§ **SUPPLIED RECORDS**:
^^^^^^^^

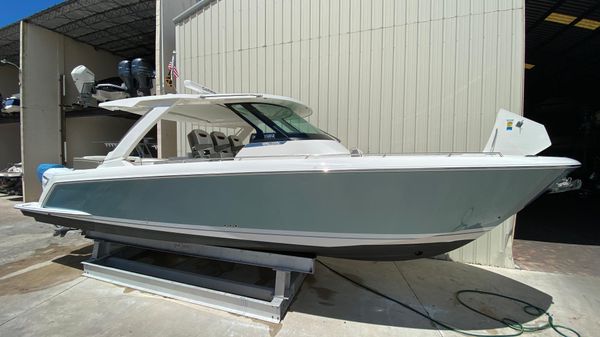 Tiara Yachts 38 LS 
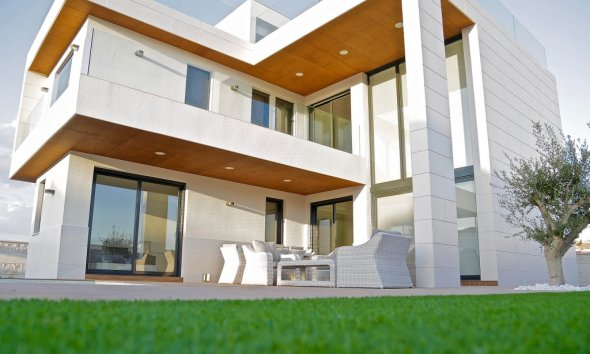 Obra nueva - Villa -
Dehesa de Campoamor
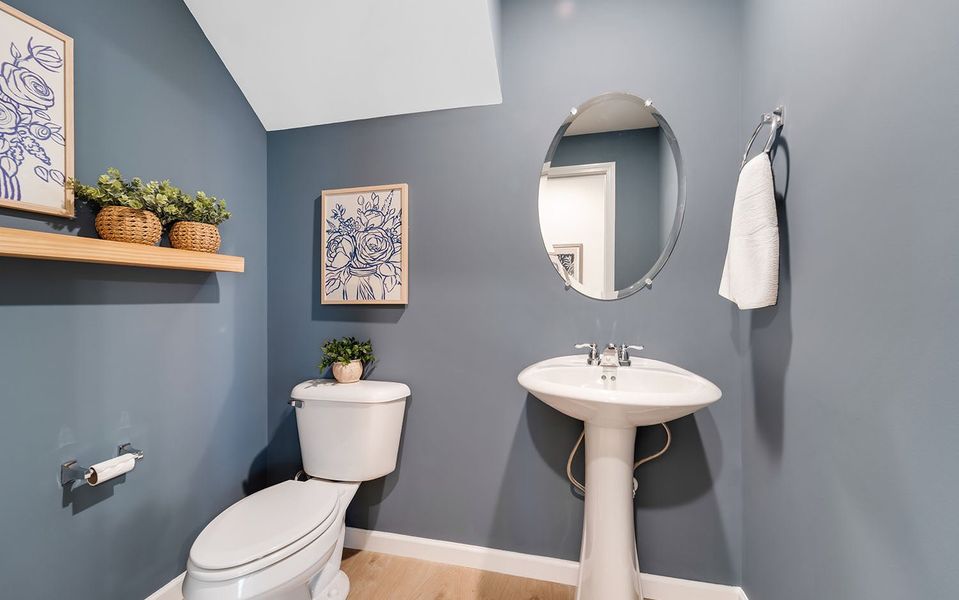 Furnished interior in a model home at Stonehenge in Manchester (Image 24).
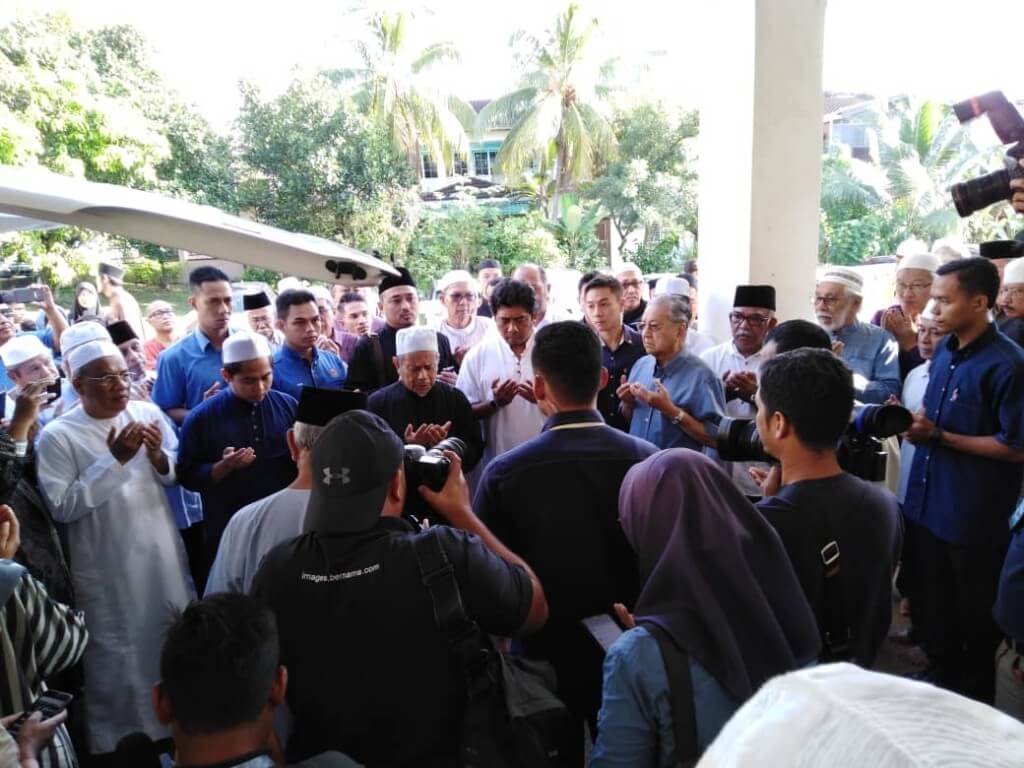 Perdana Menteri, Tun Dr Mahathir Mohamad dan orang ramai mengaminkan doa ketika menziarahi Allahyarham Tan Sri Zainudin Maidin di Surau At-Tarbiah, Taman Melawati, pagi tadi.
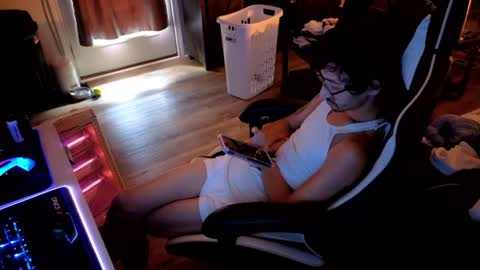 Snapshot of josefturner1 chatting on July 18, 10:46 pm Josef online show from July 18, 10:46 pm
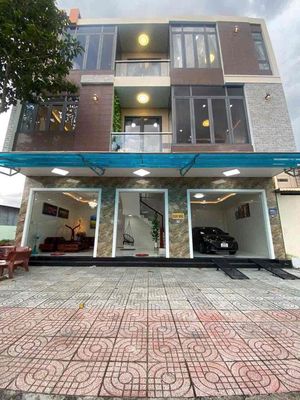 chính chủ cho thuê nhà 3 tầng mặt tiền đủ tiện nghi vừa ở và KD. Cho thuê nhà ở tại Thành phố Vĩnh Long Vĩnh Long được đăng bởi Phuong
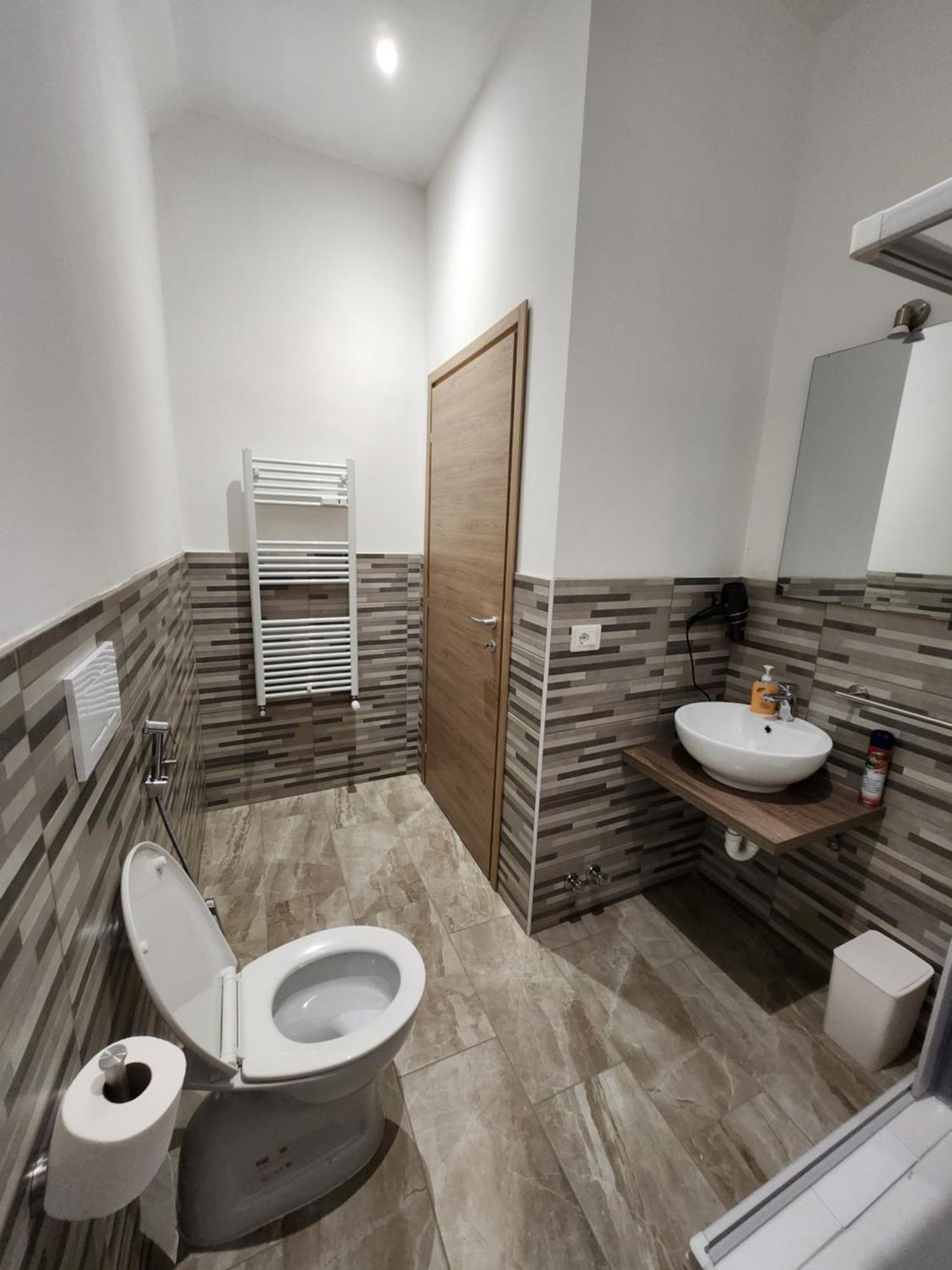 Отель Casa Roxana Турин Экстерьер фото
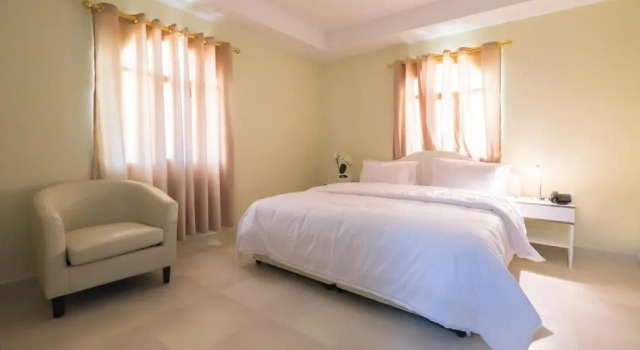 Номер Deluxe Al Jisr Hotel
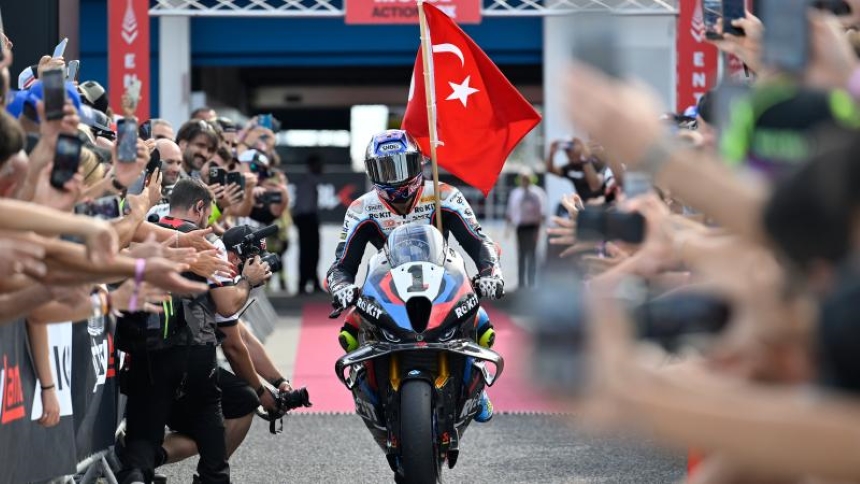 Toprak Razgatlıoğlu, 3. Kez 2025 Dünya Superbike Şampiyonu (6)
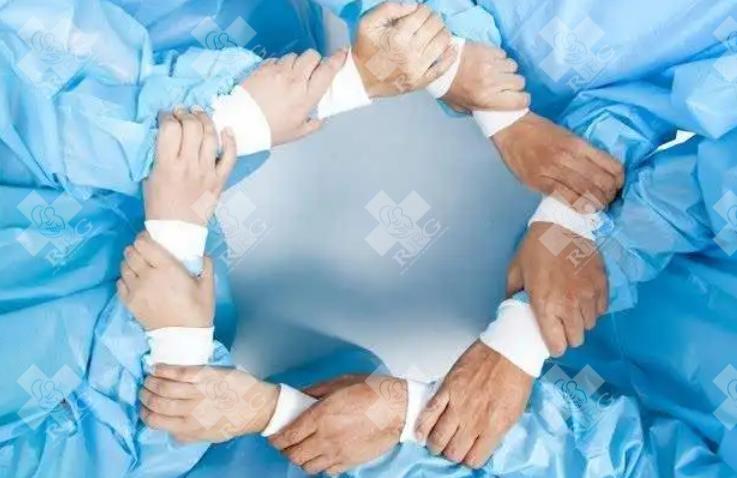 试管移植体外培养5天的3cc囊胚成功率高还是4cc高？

^^^^^^^^

§ **WORK ORDER**: Word for word, give again the lines from the line holding "Отель Casa Roxana Турин Экстерьер фото" through the last line of the material, both included; pictures are not part of the copy.

§ **ANSWER**:
 Отель Casa Roxana Турин Экстерьер фото
 Номер Deluxe Al Jisr Hotel
 Toprak Razgatlıoğlu, 3. Kez 2025 Dünya Superbike Şampiyonu (6)
 试管移植体外培养5天的3cc囊胚成功率高还是4cc高？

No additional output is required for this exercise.